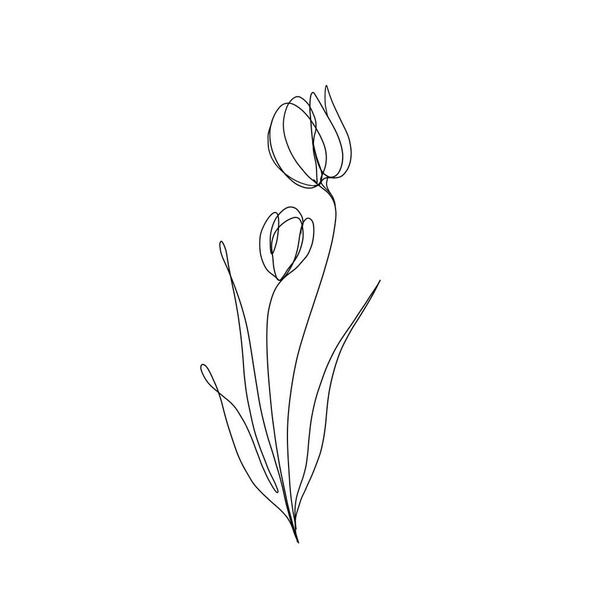  チューリップの花の連続線画。一本の線画。編集可能。ミニマリズムのスケッチ招待状のアイデアInstagramのストーリーのデザインアイコンを強調します。花のセットラインアート - 写真・画像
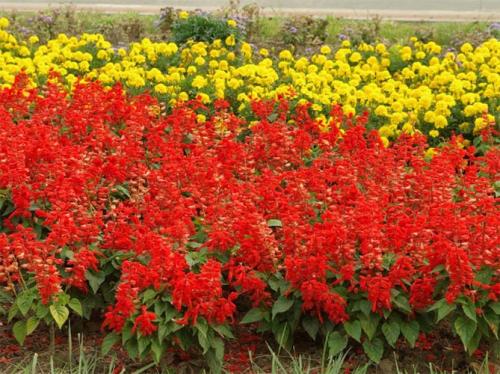 Однолетние низкорослые цветы для бордюра. Цветущие все лето низкорослые цветы для клумбы, фото и названия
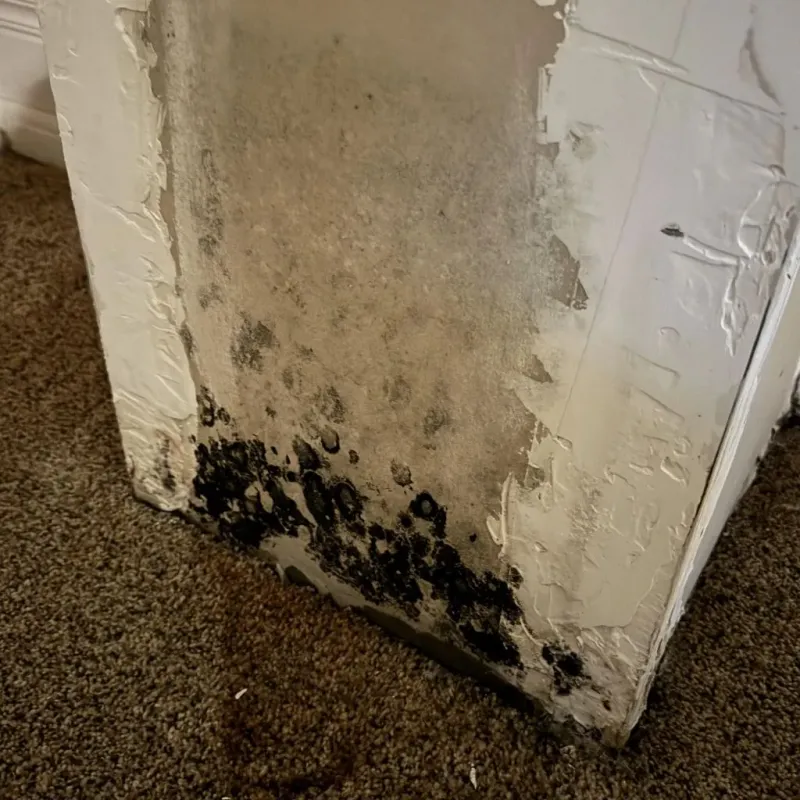 Professional Mold Removal in Harriman, NY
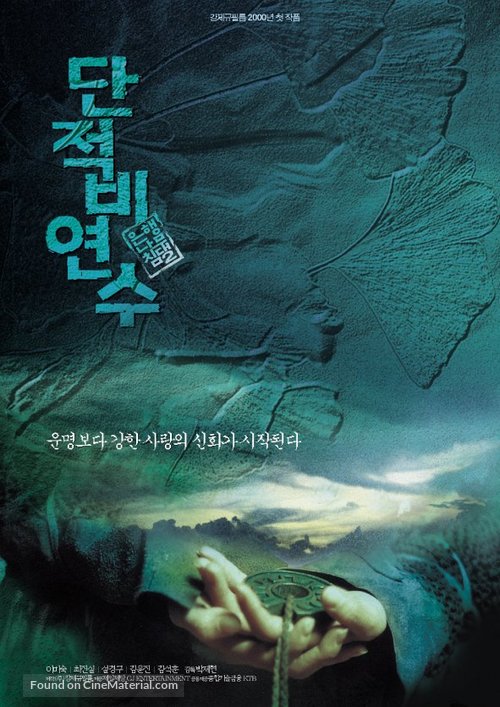 Danjeogbiyeonsu - South Korean Movie Poster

## What you are asked to do
From the first line to the last, retype the material exactly and exclude the pictures.

## Solution to this problem
  チューリップの花の連続線画。一本の線画。編集可能。ミニマリズムのスケッチ招待状のアイデアInstagramのストーリーのデザインアイコンを強調します。花のセットラインアート - 写真・画像
 Однолетние низкорослые цветы для бордюра. Цветущие все лето низкорослые цветы для клумбы, фото и названия
 Professional Mold Removal in Harriman, NY
 Danjeogbiyeonsu - South Korean Movie Poster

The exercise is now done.